Specifies the default size (in bits) of real and complex declarations, constants, functions, and intrinsics, where n is 32, 64, or 128:

• n is 32: Defines REAL declarations, constants, functions, and intrinsics as REAL(KIND=4) (SINGLE PRECISION) and defines COMPLEX declarations, constants, functions, and intrinsics as COMPLEX(KIND=4) (COMPLEX).
  Alternate syntax: None.
  See Also
  REAL(KIND=4) (REAL) Representation
  COMPLEX(KIND=4) (COMPLEX) Representation

• n is 64: Defines REAL declarations, constants, functions, and intrinsics as REAL(KIND=8) (DOUBLE PRECISION) and defines COMPLEX declarations, constants, functions, and intrinsics as COMPLEX(KIND=8) (DOUBLE COMPLEX).
  Specifying -real_size 64 causes intrinsic functions to produce a REAL(KIND=8) or COMPLEX(KIND=8) result instead of a REAL(KIND=4) or COMPLEX(KIND=4) result, unless the argument is explicitly typed as REAL(KIND=4) or COMPLEX(KIND=4), including CMPLX, FLOAT, REAL, SNGL, and AIMAG. For instance, references to the CMPLX intrinsic produce DCMPLX results (COMPLEX(KIND=8)), unless the argument to CMPLX is explicitly typed as REAL(KIND=4), REAL*4, COMPLEX(KIND=4), or COMPLEX*8. In this case the resulting data type is COMPLEX(KIND=4).
  Alternate syntax: -r8 or -autodouble
  See Also
  REAL(KIND=8) (DOUBLE PRECISION) Representation
  COMPLEX(KIND=8) (DOUBLE COMPLEX) Representation

• n is 128: Defines REAL declarations, constants, functions, and intrinsics as REAL(KIND=16) and defines COMPLEX declarations, constants, functions, and intrinsics as COMPLEX(KIND=16).
  Alternate syntax: -r16
  See Also
  REAL(KIND=16) Representation
  COMPLEX(KIND=16) Representation

-safe_cray_ptr

Default: Off (assume that Cray pointers do alias other variables)

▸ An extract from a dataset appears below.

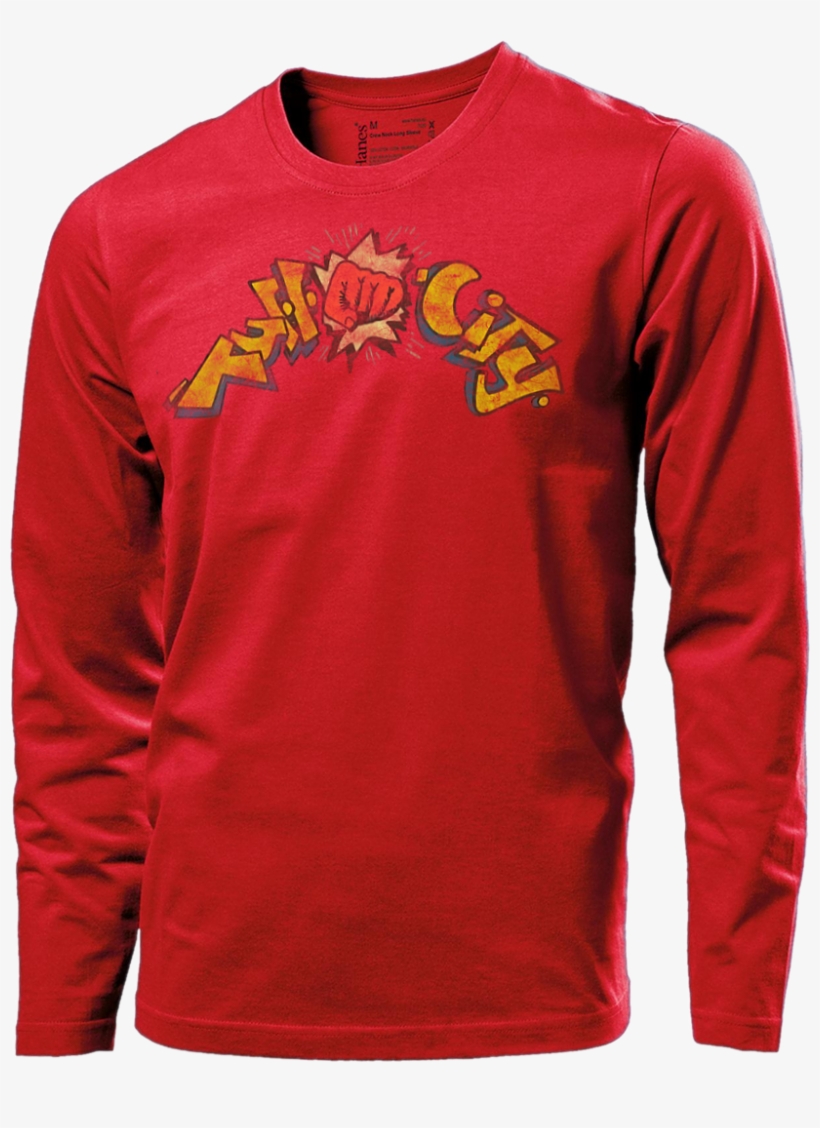Tuff City Old School Hip Hop Retro T Shirt - Hip Hop Png T Shirt, transparent png download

Requires that the compiler assume that Cray pointers do not alias (that is, do not specify sharing memory between) other variables.

Consider the following example:

pointer (pb, b)

pb = getstorage()

do i = 1, n

  b(i) = a(i) + 1

enddo

By default, the compiler assumes that b and a are aliased. To prevent such an assumption, specify the -safe_cray_ptr option, and the compiler will treat b(i) and a(i) as independent of each other.

However, if the variables are intended to be aliased with Cray pointers, using the -safe_cray_ptr option produces incorrect results. For the code example below, -safe_cray_ptr should not be used:

pointer (pb, b)

pb = loc(a(2))

   do i=1, n

      b(i) = a(i) +1

   enddo

-zero[-]

Default: Off (-zero-)

Initializes to zero all local scalar variables of intrinsic type INTEGER, REAL, COMPLEX, or LOGICAL that are saved and not already initialized.

For this option to be effective, you must use -save on the command line or have variables in your code specifically marked as SAVE.